### EXERCISE DETAILS
From the listing below, output the lines between the one with "445 Shetland Valley" and the one with "Abito lungo floreale verde", including those two, and nothing else. Pictures are not copied.

### SUPPLIED RECORDS
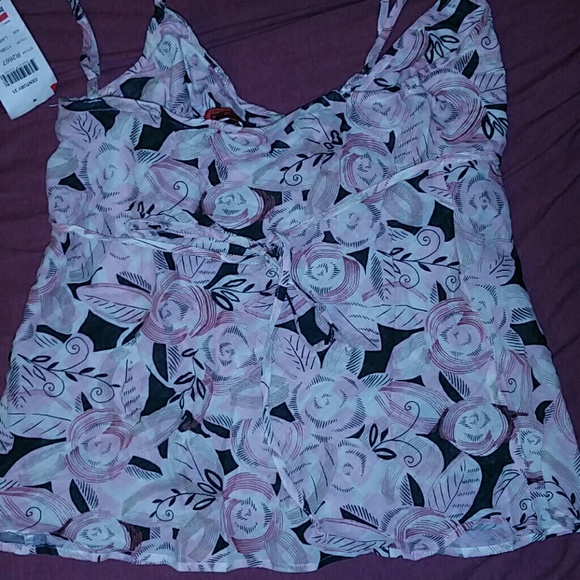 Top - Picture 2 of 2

...

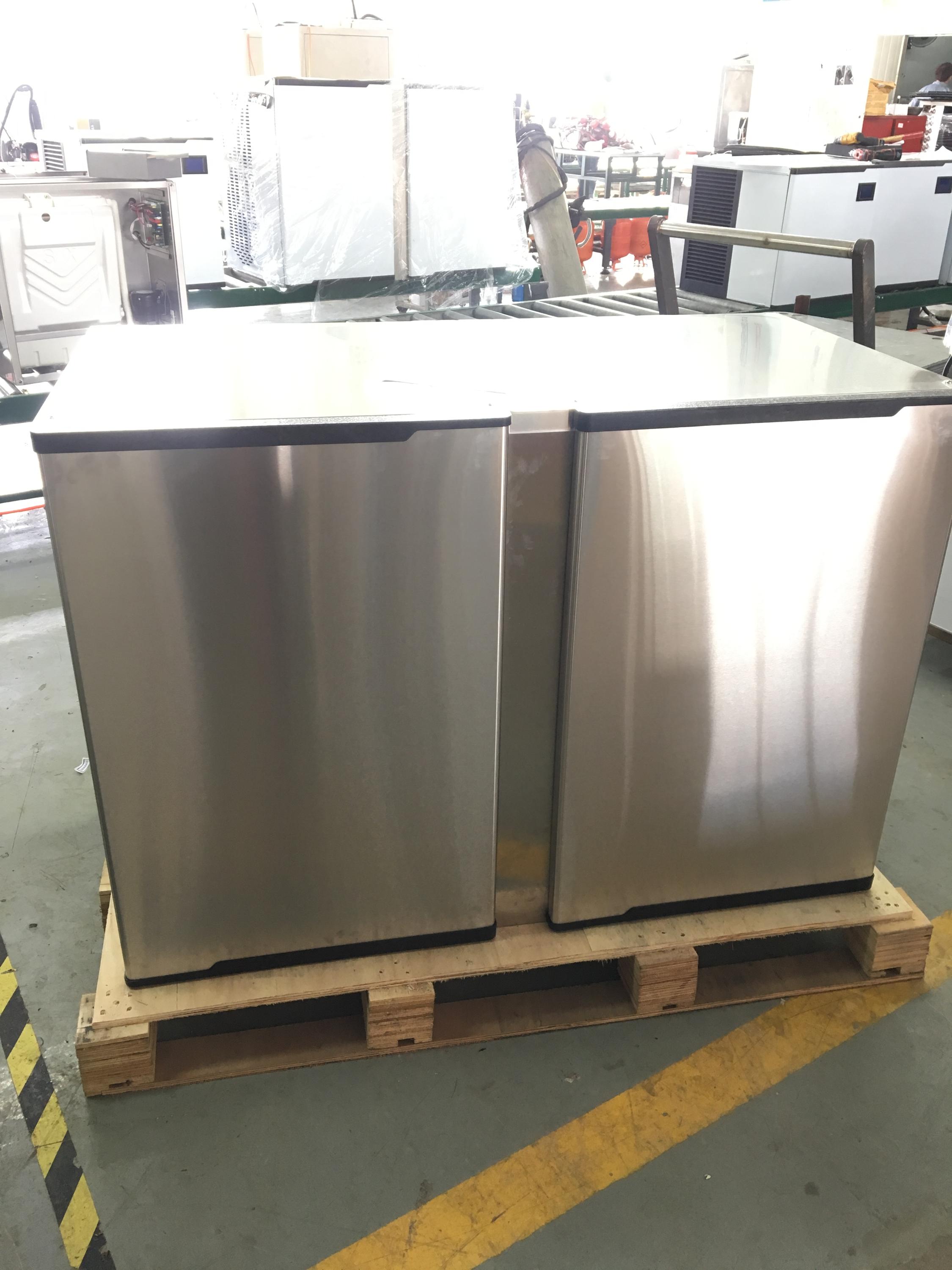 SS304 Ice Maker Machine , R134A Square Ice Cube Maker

* * *

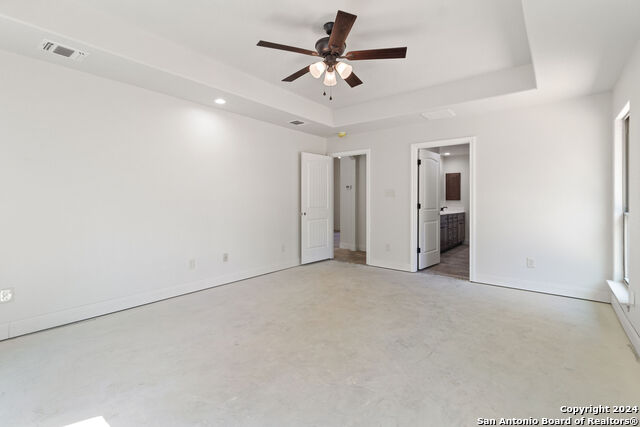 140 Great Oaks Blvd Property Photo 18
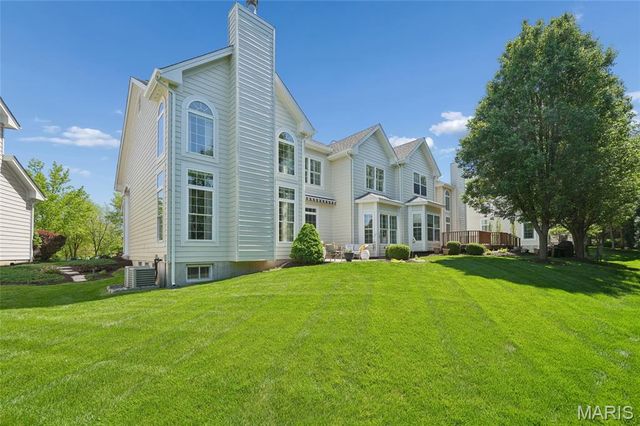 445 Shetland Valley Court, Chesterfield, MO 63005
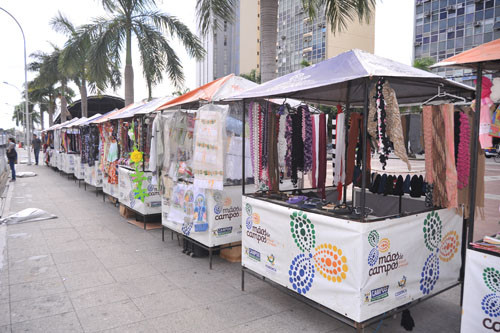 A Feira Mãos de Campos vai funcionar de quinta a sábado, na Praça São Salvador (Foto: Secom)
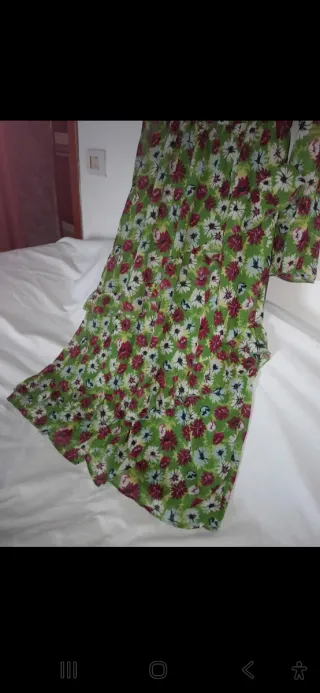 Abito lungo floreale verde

### RESULT
 445 Shetland Valley Court, Chesterfield, MO 63005
 A Feira Mãos de Campos vai funcionar de quinta a sábado, na Praça São Salvador (Foto: Secom)
 Abito lungo floreale verde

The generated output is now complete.